– Да ладно, мамуся, – отмахнулся подросток. – Свинья она и
есть свинья, ее так все зовут, между прочим, за дело. Вот у нее и жила женщина
с маленьким мальчиком, еще баба Женя удивлялась, почему она с ним не гуляет?
Помнишь? Спросила у этой тетки: «А где, детка, твой сыночек? Неужто весь день в
комнате сидит?»
– Да, – пробормотала Катя, – странно, точно, у нее жил
мальчик!
– Что странного? – насторожилась я.
– Свинья комнату сдает, – пояснила Лена, – у нас тут рынок
рядом, вот и пускает чурок за деньги, азеров всяких.
– Лена! – возмутилась мать. – Так нельзя говорить.
– Ой, мама, – засмеялась девочка, – чурки они и есть чурки.
– Нам, конечно, не очень нравится, что Саня Коростылева
комнату торговцам сдает, но сделать ничего не можем, – вздохнула Катя, – не
прежние времена. Теперь каждый своей жилплощади хозяин. Я, правда,
сигнализировала участковому, но он спросил: «Шумят, мешают?»

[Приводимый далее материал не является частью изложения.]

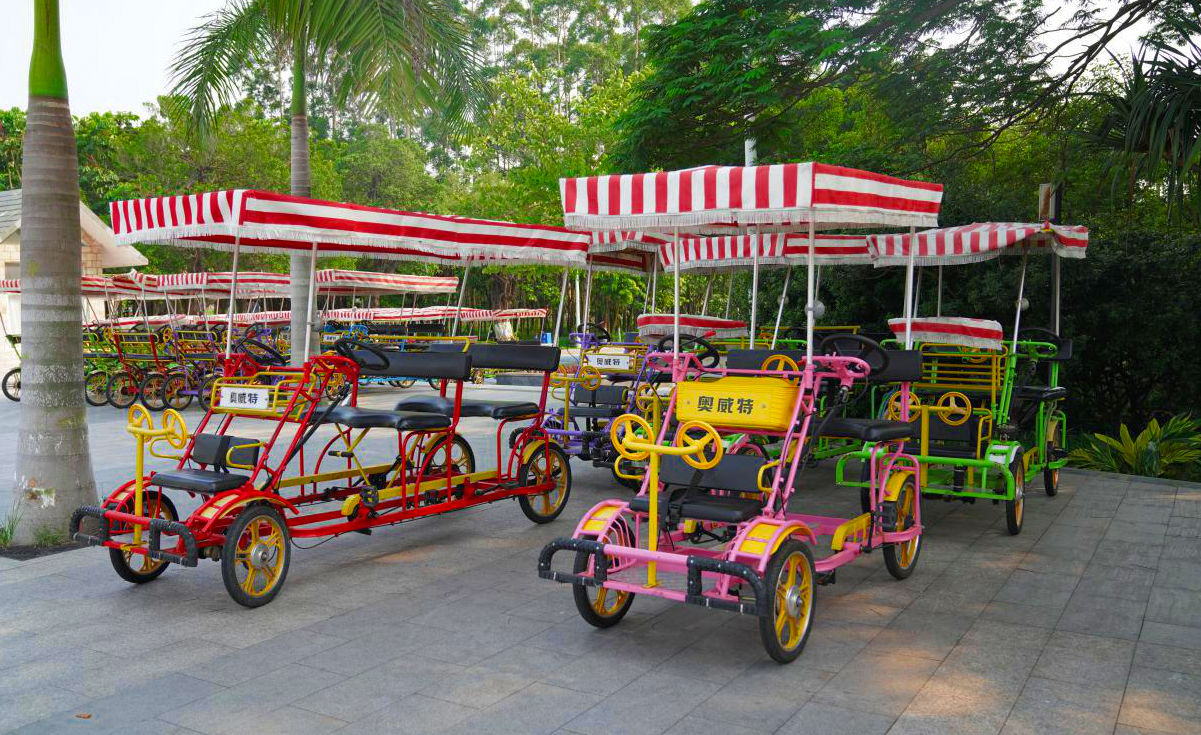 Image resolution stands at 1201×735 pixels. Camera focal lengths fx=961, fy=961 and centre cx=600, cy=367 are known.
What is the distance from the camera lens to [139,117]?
3494 cm

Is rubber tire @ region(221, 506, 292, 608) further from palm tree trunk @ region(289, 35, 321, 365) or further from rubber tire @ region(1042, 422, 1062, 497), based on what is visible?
palm tree trunk @ region(289, 35, 321, 365)

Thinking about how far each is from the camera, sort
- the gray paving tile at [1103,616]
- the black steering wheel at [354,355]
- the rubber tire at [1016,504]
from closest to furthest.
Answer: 1. the gray paving tile at [1103,616]
2. the black steering wheel at [354,355]
3. the rubber tire at [1016,504]

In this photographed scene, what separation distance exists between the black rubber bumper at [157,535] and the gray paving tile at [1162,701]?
4.40 meters

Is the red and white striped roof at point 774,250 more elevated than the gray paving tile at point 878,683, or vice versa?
the red and white striped roof at point 774,250

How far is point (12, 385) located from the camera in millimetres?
18547

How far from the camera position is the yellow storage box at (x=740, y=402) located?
17.0 feet

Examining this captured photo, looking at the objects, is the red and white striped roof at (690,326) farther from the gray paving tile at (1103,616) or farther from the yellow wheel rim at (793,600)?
the yellow wheel rim at (793,600)

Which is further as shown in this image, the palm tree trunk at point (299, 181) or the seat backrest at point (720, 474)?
the palm tree trunk at point (299, 181)

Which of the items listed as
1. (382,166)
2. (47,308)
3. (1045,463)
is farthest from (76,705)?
(382,166)

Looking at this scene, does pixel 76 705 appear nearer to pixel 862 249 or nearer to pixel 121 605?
pixel 121 605

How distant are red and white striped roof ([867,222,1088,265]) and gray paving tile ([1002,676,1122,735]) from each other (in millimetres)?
4807

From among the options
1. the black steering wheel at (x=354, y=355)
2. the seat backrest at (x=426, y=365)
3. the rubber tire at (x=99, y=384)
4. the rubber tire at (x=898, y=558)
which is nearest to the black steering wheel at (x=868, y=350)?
the rubber tire at (x=898, y=558)

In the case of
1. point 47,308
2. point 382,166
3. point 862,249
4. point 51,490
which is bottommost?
point 51,490

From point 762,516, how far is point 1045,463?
4.72m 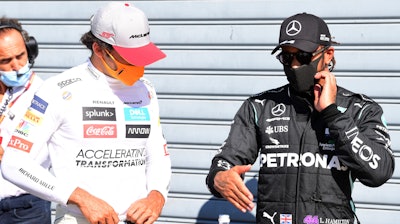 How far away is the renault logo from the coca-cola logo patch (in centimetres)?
90

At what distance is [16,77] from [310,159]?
7.35 feet

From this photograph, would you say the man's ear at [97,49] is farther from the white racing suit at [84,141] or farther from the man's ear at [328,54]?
the man's ear at [328,54]

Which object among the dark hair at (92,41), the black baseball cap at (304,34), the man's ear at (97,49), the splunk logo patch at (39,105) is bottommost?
the splunk logo patch at (39,105)

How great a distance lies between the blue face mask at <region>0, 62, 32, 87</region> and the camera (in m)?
5.82

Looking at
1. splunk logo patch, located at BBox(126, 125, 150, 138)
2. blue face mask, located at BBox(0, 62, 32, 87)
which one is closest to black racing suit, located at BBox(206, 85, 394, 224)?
splunk logo patch, located at BBox(126, 125, 150, 138)

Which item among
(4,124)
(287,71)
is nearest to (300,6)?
(287,71)

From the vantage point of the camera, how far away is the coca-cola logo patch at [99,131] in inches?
175

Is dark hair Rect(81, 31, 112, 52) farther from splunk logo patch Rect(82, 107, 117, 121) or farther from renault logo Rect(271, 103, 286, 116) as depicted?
renault logo Rect(271, 103, 286, 116)

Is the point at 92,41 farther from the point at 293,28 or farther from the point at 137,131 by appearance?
the point at 293,28

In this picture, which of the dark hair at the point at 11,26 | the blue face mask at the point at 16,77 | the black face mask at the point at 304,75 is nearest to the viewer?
the black face mask at the point at 304,75

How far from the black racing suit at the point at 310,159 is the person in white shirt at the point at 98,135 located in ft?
1.60

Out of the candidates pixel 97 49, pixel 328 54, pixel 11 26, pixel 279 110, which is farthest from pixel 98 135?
pixel 11 26

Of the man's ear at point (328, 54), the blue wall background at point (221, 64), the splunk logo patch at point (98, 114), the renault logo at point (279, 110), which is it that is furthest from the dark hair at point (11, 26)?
the man's ear at point (328, 54)

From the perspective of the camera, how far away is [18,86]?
5.91m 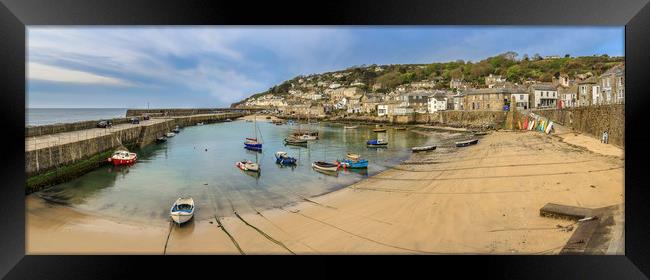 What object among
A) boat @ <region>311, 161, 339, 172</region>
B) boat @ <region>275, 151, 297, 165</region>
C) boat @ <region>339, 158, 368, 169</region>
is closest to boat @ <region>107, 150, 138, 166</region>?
boat @ <region>275, 151, 297, 165</region>

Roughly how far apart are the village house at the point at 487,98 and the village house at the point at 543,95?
0.34 m

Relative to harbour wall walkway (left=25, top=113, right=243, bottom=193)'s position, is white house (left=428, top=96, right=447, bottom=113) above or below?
above

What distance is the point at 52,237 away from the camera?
157 inches

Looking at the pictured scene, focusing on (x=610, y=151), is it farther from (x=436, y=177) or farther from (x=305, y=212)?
(x=305, y=212)


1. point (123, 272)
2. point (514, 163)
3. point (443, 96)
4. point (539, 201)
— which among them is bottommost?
point (123, 272)

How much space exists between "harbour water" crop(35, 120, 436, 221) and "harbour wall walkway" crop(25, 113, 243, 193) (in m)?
0.19

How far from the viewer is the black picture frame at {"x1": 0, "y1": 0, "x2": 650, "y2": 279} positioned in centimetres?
316

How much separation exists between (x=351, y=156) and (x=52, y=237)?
6218 mm

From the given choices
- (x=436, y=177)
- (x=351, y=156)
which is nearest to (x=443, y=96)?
(x=351, y=156)

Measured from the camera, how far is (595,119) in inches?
206

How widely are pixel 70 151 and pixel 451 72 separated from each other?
308 inches

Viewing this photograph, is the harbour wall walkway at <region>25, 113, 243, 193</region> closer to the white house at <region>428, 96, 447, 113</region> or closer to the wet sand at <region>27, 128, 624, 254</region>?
the wet sand at <region>27, 128, 624, 254</region>

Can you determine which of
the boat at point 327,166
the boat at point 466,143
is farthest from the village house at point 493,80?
the boat at point 327,166

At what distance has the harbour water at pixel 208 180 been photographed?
17.4 ft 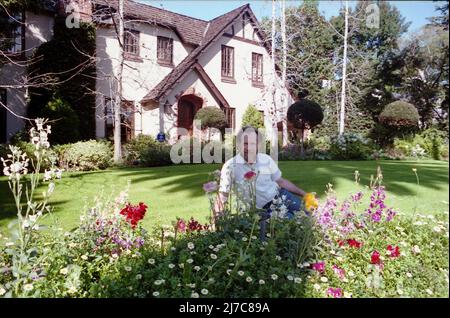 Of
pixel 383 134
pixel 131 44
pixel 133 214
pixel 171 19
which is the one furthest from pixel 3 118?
pixel 383 134

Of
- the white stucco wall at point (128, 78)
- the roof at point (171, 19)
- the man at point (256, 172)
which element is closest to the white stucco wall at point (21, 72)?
the white stucco wall at point (128, 78)

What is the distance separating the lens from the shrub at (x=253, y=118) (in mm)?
4366

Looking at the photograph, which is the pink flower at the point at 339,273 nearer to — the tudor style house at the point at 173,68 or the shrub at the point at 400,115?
the shrub at the point at 400,115

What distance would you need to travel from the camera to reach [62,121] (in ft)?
31.8

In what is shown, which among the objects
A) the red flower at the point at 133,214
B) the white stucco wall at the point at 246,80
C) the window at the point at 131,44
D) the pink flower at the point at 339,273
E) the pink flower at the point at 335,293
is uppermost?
the window at the point at 131,44

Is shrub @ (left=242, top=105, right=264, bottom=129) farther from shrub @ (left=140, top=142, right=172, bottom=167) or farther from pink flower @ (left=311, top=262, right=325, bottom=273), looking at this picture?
shrub @ (left=140, top=142, right=172, bottom=167)

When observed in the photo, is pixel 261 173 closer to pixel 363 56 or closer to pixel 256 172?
pixel 256 172

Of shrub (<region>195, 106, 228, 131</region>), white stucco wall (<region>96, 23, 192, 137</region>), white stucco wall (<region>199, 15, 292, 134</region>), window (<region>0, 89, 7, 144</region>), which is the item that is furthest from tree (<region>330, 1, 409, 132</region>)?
window (<region>0, 89, 7, 144</region>)

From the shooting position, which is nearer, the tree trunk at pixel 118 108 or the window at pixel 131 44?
the tree trunk at pixel 118 108

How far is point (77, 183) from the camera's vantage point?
6184 millimetres

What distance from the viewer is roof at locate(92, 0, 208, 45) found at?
569cm

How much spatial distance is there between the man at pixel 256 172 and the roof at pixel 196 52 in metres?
1.79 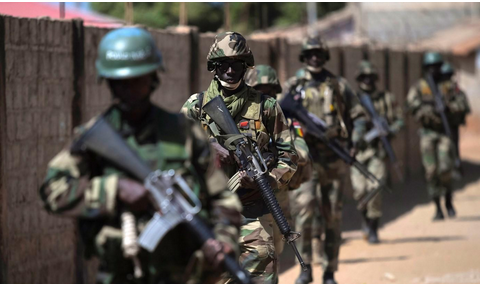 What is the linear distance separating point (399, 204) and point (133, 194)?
10.2 metres

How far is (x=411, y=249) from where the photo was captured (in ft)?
30.0

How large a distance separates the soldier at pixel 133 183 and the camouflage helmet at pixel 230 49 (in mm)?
1736

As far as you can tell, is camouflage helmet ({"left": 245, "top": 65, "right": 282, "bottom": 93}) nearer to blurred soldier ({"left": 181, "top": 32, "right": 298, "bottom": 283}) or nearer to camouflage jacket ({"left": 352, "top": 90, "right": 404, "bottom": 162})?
blurred soldier ({"left": 181, "top": 32, "right": 298, "bottom": 283})

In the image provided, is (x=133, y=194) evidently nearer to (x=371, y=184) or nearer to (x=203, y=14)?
(x=371, y=184)

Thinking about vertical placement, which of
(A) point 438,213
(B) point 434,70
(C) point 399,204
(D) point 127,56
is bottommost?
(C) point 399,204

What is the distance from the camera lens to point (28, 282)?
6.01 metres

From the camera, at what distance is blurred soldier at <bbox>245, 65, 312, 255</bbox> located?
553cm

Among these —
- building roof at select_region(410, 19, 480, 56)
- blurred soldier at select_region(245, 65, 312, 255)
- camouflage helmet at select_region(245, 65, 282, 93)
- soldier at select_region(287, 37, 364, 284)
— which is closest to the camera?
blurred soldier at select_region(245, 65, 312, 255)

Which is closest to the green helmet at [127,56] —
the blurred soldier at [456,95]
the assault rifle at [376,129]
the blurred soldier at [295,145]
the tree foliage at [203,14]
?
the blurred soldier at [295,145]

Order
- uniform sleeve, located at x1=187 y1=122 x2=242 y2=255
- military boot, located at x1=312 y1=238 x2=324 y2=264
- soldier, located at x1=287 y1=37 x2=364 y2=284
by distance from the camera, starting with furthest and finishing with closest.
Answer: military boot, located at x1=312 y1=238 x2=324 y2=264 < soldier, located at x1=287 y1=37 x2=364 y2=284 < uniform sleeve, located at x1=187 y1=122 x2=242 y2=255

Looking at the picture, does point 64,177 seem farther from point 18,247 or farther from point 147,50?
point 18,247

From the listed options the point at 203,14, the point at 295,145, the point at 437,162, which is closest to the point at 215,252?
the point at 295,145

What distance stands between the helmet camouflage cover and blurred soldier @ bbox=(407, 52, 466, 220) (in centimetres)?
662

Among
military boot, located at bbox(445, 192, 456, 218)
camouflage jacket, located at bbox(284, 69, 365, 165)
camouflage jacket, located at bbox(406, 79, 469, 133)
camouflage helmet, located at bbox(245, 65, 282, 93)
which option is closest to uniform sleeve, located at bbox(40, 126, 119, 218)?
camouflage helmet, located at bbox(245, 65, 282, 93) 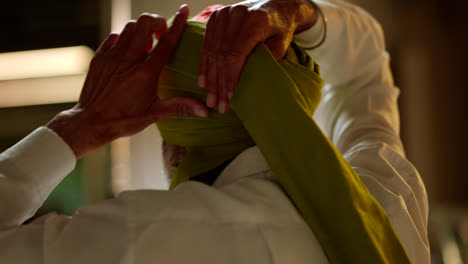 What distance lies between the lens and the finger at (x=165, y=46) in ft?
2.58

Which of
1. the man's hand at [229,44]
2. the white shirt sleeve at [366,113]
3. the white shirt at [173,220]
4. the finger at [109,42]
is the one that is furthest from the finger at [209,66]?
the white shirt sleeve at [366,113]

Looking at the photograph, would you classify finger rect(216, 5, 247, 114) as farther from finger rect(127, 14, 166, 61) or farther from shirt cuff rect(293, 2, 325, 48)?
shirt cuff rect(293, 2, 325, 48)

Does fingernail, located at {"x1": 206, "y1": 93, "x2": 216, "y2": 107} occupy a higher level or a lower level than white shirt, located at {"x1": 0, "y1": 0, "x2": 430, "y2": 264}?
higher

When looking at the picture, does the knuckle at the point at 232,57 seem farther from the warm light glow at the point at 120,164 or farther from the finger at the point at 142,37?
the warm light glow at the point at 120,164

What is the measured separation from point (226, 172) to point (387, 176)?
331mm

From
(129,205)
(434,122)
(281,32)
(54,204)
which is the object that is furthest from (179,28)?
(434,122)

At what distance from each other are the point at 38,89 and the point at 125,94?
989mm

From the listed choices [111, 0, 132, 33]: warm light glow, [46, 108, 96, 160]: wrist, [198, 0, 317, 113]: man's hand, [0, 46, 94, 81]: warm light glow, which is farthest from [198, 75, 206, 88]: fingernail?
[0, 46, 94, 81]: warm light glow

– Нет, – ответила Катя, – тихие, словно тени, утром ушли –
вечером пришли.
– Ну и что тебе тогда? – удивился участковый.
– Так лица кавказской национальности, – не успокаивалась
бдительная Катерина, – терроризм и все такое.
– Ладно, – буркнул недовольный мент, – проверю.
Через пару дней встретив на улице Катю, участковый сердито
произнес:
– Делать тебе, Иванова, нечего… А Коростылеву оставь в
покое, инвалид она, пенсия копеечная, вот и сдает от нищеты комнаты. Нормальные
у ней азеры живут, с рынка, при регистрации, я их знаю, все тип-топ…
– Знает он их! – запоздало возмущалась, глядя на меня
женщина. – Да небось сунула Санька ему малую толику, вот времена настали! За
деньги люди на все согласны! Точно, был у нее мальчик! Я еще удивилась, вроде
приличные люди, мать такая хорошо одетая, нянька, а у Сани жилплощадь сняли! Ступайте
во второй подъезд.
Я стремглав понеслась назад, птицей взлетела на пятый этаж и
заколотила кулаком в грязную, ободранную дверь без всяких признаков ручки и
звонка.
– Слюшай, – раздалось изнутри квартиры, – зачем так
торопиться, да? Чего дверь бьешь? Пожар-можар начался, нет?
Послышался тихий щелчок, дверь приотворилась, и на пороге
появился молодой парень.
– Ты ко мне, дорогая? – приветливо улыбнулся он. – Арик
прислал, да? Торговать хочешь, нет? Регистрацию и санитарную книжку имеешь, да?
Откуда сама будешь, Украина, Молдавия, нет?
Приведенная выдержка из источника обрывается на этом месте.